La visita de Artaud es también importante porque dejó su impronta en la vida cultural de México, y sobre todo sus conferencias sobre el surrealismo y el teatro. Pensamos que sus opiniones sobre la mitología mesoamericana son interesantes para documentar las ideas de los extranjeros sobre el México prehispánico.

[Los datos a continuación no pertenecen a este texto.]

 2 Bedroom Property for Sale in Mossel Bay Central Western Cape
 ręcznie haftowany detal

México y su cultura fueron cruciales en el pensamiento y la obra de Antonin Artaud, ya que su visita a los tarahumaras y la incursión en el uso del peyote potencializó su experiencia poética y creativa. Se puede afirmar que existe un Artaud antes de su visita a México y otro después de su paso por el país. El Artaud que renace en México es un personaje transformado por su experiencia en la raspa del peyote. Intuimos que quedó impactado por la gente, por sus montañas, por la profunda vida espiritual de los tarahumaras. Vida espiritual concretada en la ceremonia de peyote practicada por dicho pueblo, y que a él le confirma la posibilidad de rehacerse a través de ella (ir y venir de la muerte a la vida).

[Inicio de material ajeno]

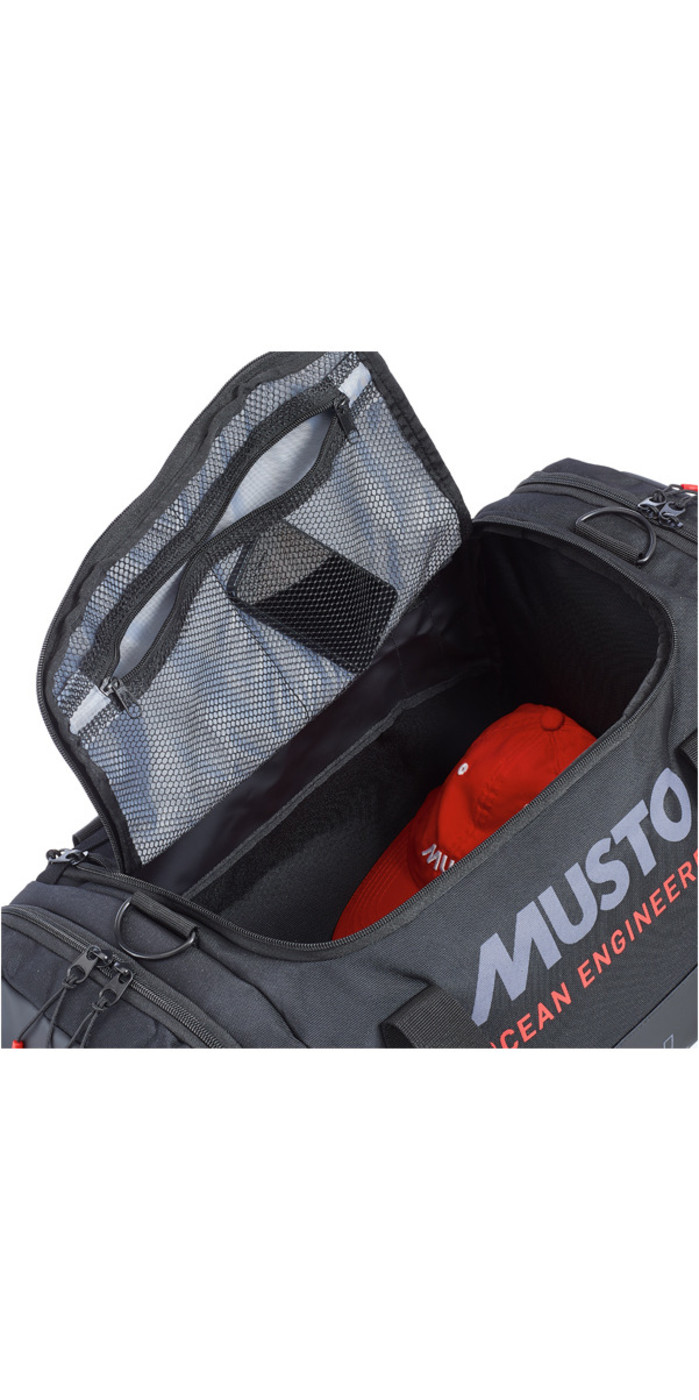 Musto Essentials 40l Duffel Bagholdall Black Ae0530 Accessories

Célebres son las palabras con que Artaud proclama su “odio y desprecio por cobarde a todo ser que acepta haber sido hecho y no quiere rehacerse” (Juanes, 2005: 206). La de Artaud es, sin duda, una propuesta sacrificial de lo recibido (la identidad, el espíritu, la subjetividad), que apuesta por la posibilidad de inventar la vida, por eso reconoce: “me aburría cuando había perdido la imaginación y el peyote me la daba” (1984: 338). El renacer se da a partir de la muerte (entendida como movimiento del espíritu que va de las formas hacia el vacío), hasta el punto de llegar a decir: Yo, Antonin Artaud, soy mi hijo, mi padre, mi madre y yo.